Designing and developing algorithms according to the behaviours based on empirical data are known as Machine Learning. While artificial intelligence in addition to machine learning, it also covers other aspects like knowledge representation, natural language processing, planning, robotics etc.
In the context of a machine learning interview question, the difference between “artificial learning” and “machine learning” could be interpreted in various ways, depending on the interviewer’s perspective or the specific terminology they are using. Here’s a breakdown of potential interpretations and answers:
- Interpretation 1: Artificial Learning vs. Human Learning
- In this interpretation, “artificial learning” could refer to the learning processes employed by machines or artificial intelligence systems, while “machine learning” specifically refers to the subfield of artificial intelligence that focuses on algorithms and models that allow computers to learn from data.
- Answer: “Artificial learning generally encompasses any learning process exhibited by machines or artificial systems. Machine learning is a specific subset of artificial learning, focusing on algorithms and techniques that enable computers to learn from data and improve performance on a task without being explicitly programmed.”
- Interpretation 2: Different Terms for the Same Concept
- Some interviewers might use “artificial learning” and “machine learning” interchangeably, viewing them as synonymous terms for the process of machines learning from data.
- Answer: “Artificial learning and machine learning are often used interchangeably to describe the process by which machines learn from data to improve performance on tasks. Both terms refer to the utilization of algorithms and techniques that enable computers to learn patterns and make predictions or decisions based on input data.”
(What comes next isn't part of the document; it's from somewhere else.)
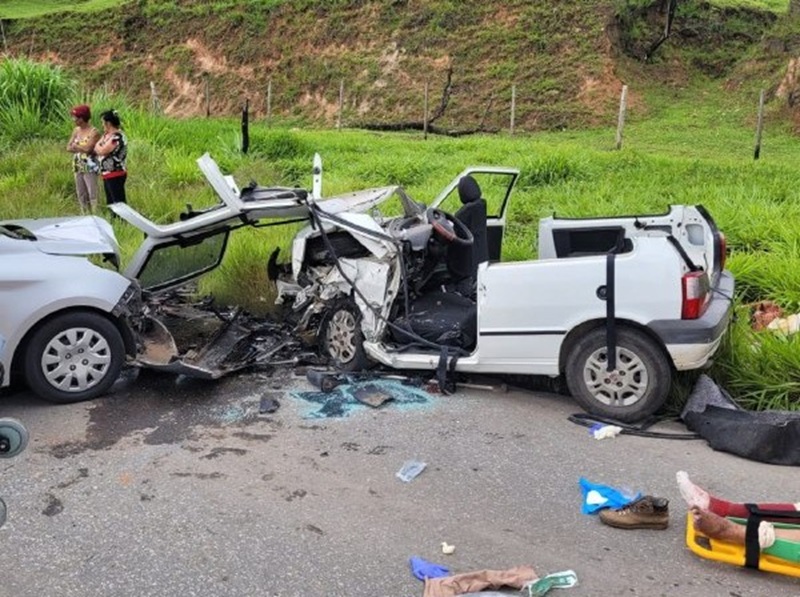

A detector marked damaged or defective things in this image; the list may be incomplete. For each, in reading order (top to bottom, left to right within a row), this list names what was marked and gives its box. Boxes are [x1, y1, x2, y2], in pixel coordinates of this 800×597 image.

crumpled hood [2, 217, 120, 258]
wrecked white hatchback [0, 155, 736, 424]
- Interpretation 3: Artificial Learning as a Broader Concept
- Alternatively, the term “artificial learning” might be seen as a broader concept that encompasses not only machine learning but also other forms of artificial intelligence learning techniques such as evolutionary algorithms, reinforcement learning, or even expert systems.
- Answer: “Artificial learning encompasses a wide range of techniques used by machines to acquire knowledge and improve performance. While machine learning is a subset of artificial learning focusing on data-driven approaches, artificial learning can also include other methods such as evolutionary algorithms, reinforcement learning, and expert systems.”
It’s important to clarify the interviewer’s intended interpretation before providing an answer to ensure that your response aligns with their expectations.